Prove that $a^2$ when divided by $5$ cannot have a remainder of $3$. For any natural number $a$, prove that $a^2$ when divided by $5$ cannot have a remainder of $3$. (Hint: What are the possible values of the remainder when $a$ is divided by $5$?
Using the hint, I found that the possible values of the remainder are $1, 2, 3, 4$, and $0$, and $3$ is only a remainder when the last digit of $a$ is $3$ or $8$.
But I'm not sure how to explain this in a proof, and I don't know how to extend it to $a^2$. Any help would be much appreciated!
 A: If you are unfamiliar with modular arithmetic, then this might help: If the remainder of $\frac a5$ is $1$, that is another way of saying that there is an integer $r$ such that $a=5r+1$. Squaring both sides, we get $$a^2=(5r+1)^2=25r^2+10r+1=5(5r^2+2r)+1$$which means that the remainder of $\frac{a^2}5$ is also $1$.
Doing the same thing for the other four possibilities will tell you that the remainder is never $3$.
Note that this is exactly the same as the modular arithmetic approach, only phrased in what is hopefully more accessible language.
A: if $a \equiv 0 \mod 5$, then $a^2 \equiv 0 \mod 5$.
if $a \equiv 1 \mod 5$, then $a^2 \equiv 1 \mod 5$.
if $a \equiv 2 \mod 5$, then $a^2 \equiv 4 \mod 5$.
if $a \equiv -2 \mod 5$, then $a^2  \equiv 4 \mod 5$.
if $a \equiv -1 \mod 5$, then $a^2 \equiv 1 \mod 5$.
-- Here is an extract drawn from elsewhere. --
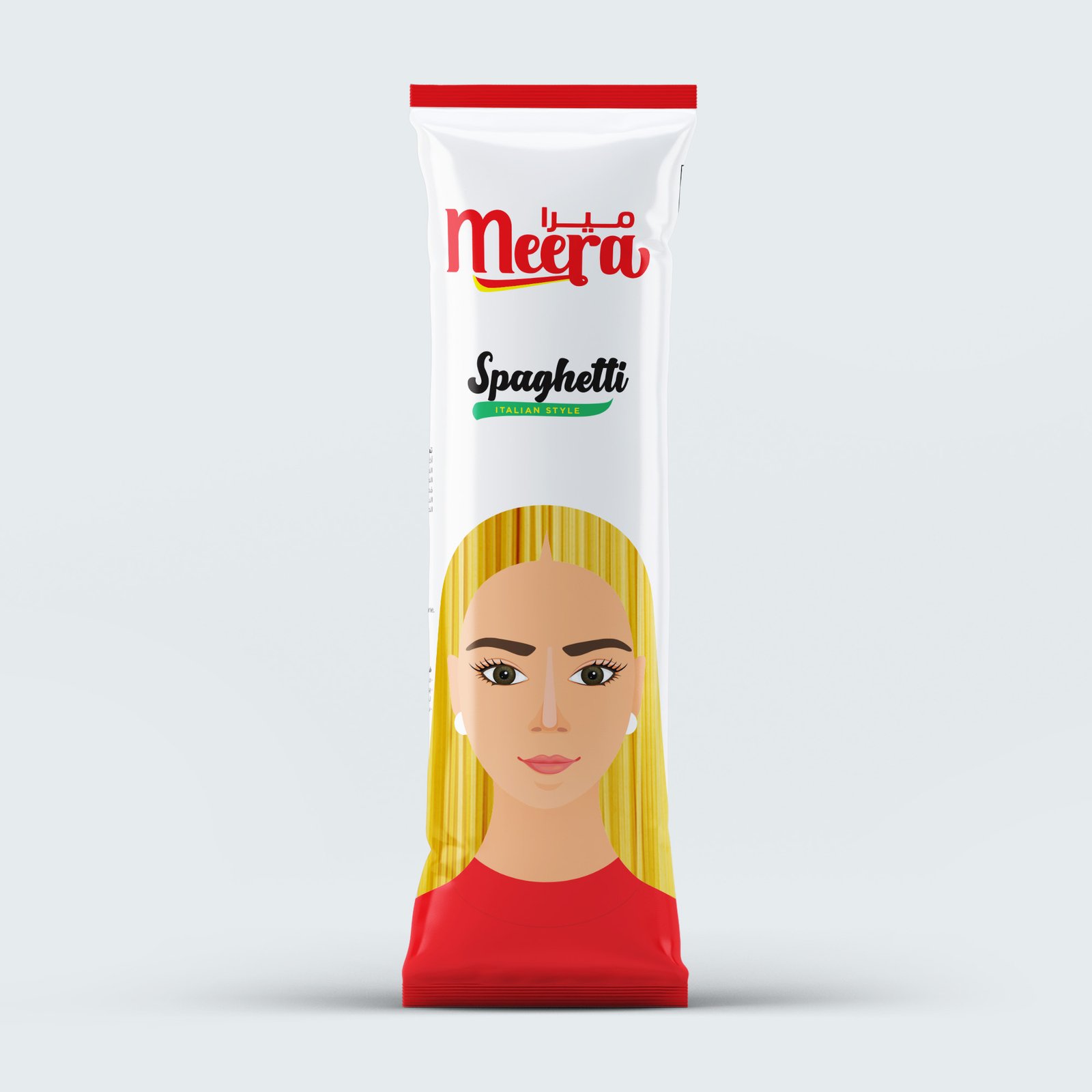 Meera Spaghetti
A: Any integer $a \equiv 0,\pm1,\pm2 \pmod 5$. Since $2^2=4 \equiv -1 \pmod 5$ it follows that $a^2 \equiv 0, \pm 1 \pmod 5$. This proves both that $a^2 \not \equiv 3 \pmod 5$ which was the original question, and also that $a^2 \not \equiv 2 \pmod 5$ for a bonus conclusion.